# Is it possible to wield a 'greatsword'? [closed]

Whenever I play a fighter or barbarian wielding a greatsword, I imagine them wielding a sword like this:

Later I discovered that a greatsword is not that big, but it's more like a longer sword.

The image, however, is already stuck in my head. Whenever I build a melee fighter wielding a greatsword, this is what I got. As of now, I'm planning to do a solo game with more realism than fantasy.

Can a human realistically wield and attack effectively using this kind of sword?

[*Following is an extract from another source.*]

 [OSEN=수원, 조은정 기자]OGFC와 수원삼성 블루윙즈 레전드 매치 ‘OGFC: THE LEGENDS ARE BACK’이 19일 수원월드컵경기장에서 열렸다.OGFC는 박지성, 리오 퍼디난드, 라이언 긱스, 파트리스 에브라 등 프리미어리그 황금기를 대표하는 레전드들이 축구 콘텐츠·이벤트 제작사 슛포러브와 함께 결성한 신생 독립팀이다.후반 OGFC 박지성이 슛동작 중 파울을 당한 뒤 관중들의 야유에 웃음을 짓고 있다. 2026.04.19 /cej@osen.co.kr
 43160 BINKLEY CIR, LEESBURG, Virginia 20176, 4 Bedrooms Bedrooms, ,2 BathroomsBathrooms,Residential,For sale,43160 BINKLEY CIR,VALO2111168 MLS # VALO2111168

• This question seems to be more about physics than about role playing games. I am not a physicist, but I’d guess a sword this size and shape when made out of steel or comparable materials would have its center of mass too far in front of your body for you to swing it at all, let alone effectively, even if you had the massive forearms you’d need to do so. Jan 22, 2020 at 10:04
• I'm voting to close this question as off-topic because this doesn't really seem to be a question that requires the expertise of an RPG community. Also this, this, and this. Jan 22, 2020 at 10:06
• I think this question would be more suited to a network like WorldBuilding.SE. It's about being "realistic" where a lot of systems just do not care about realism. If you ask if it's coherent with human physiology, you'd be best served at WB - where this has been abundantly debated and discarded Jan 22, 2020 at 10:11
• Meta discussion regarding this question: Was this question closed because it was about realism/verisimiltude? Jan 22, 2020 at 18:01
• You could try taking this to the Martial Arts SE, but I don't think the answer would vary from AlienAtSystem's. Feb 2, 2020 at 17:18

# No

The sword shown, assuming the character is 1,90 meters big, has an area of 150x30 cm². If we assume it's only 0,5 cm thick (which is far too thin to actually give it any stability. It would wobble around like a sheet of paper), we get a volume of around 2000 cm³ and thus a weight of 15 kg.

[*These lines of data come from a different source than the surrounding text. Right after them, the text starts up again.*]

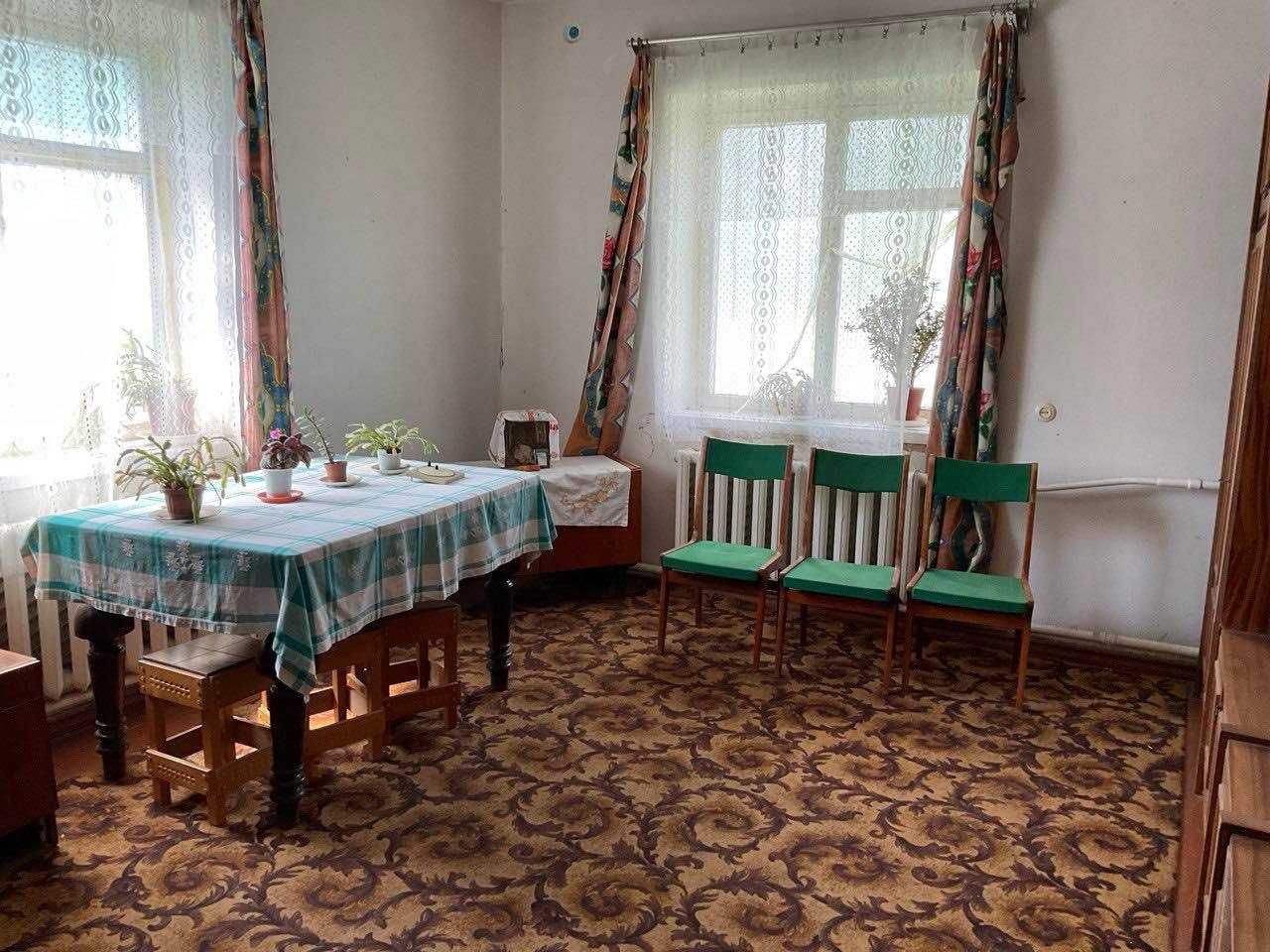 Продається будинок з ділянкою біля с.Терентіївка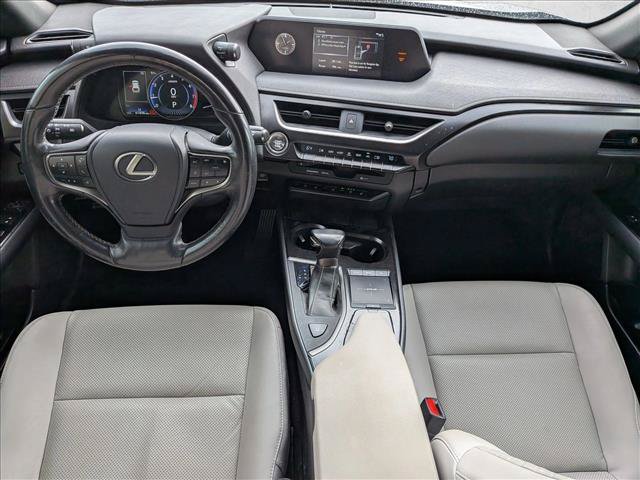 Used 2019 Lexus UX 200 w/ Premium Package FWD image 16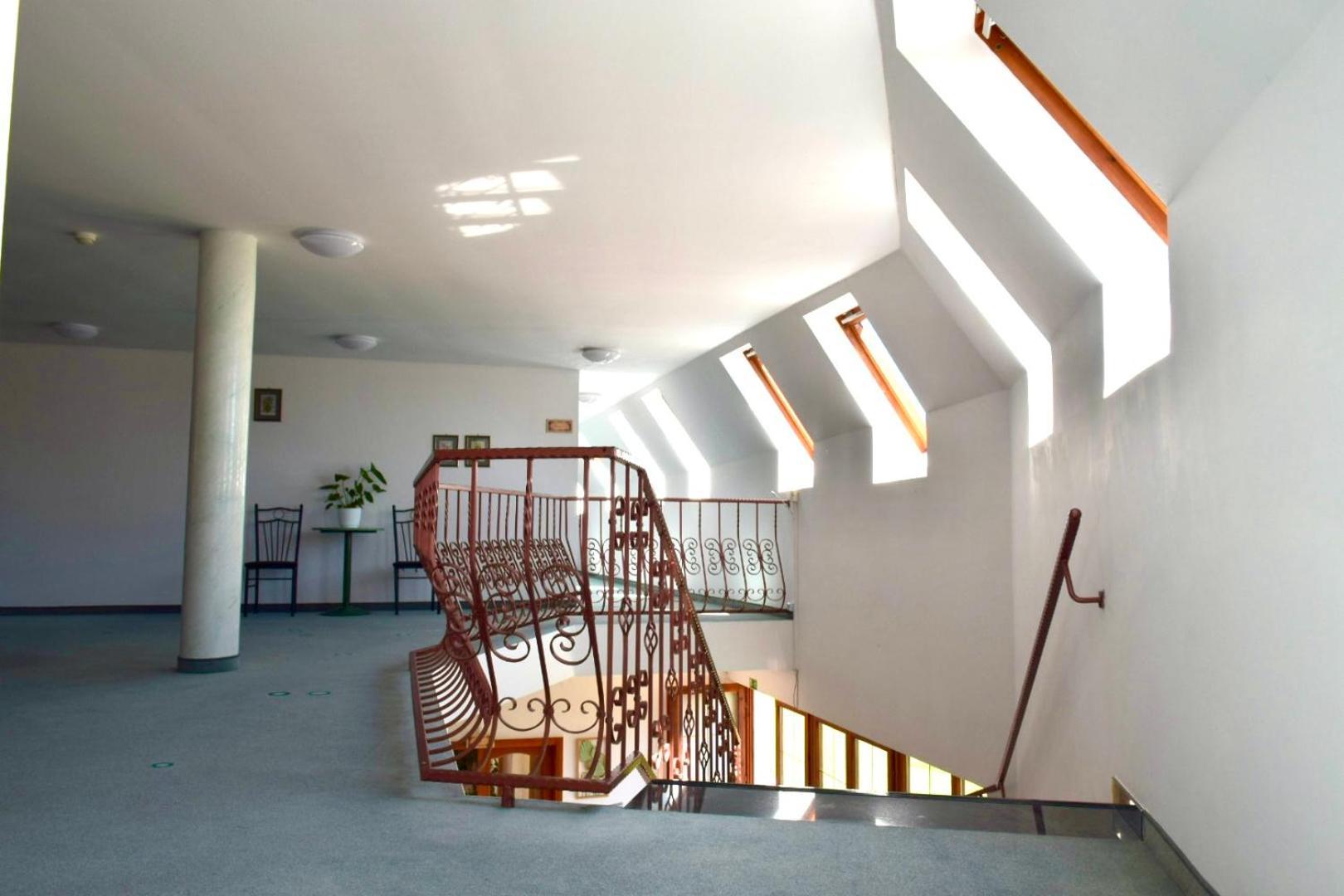 Eden Panzio Aparthotel Buk Bagian luar foto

This is far beyond any kind of useful weapon weight. The heaviest known Zweihänder of history weighed 6.6 kg, and that was a personalized show-off piece for an abnormally large man. Historical greatswords rarely went above 4 kg of weight, and anything above 2 was not used like a sword, but more like a polearm, as part of pike formations.

I do HEMA fighting, and my longsword weighs about 1.5 kg, and just swinging that around during training for 1.5 hours tires me out. A weapon that weighs ten times as much is basically impossible to lift or swing for any length of time.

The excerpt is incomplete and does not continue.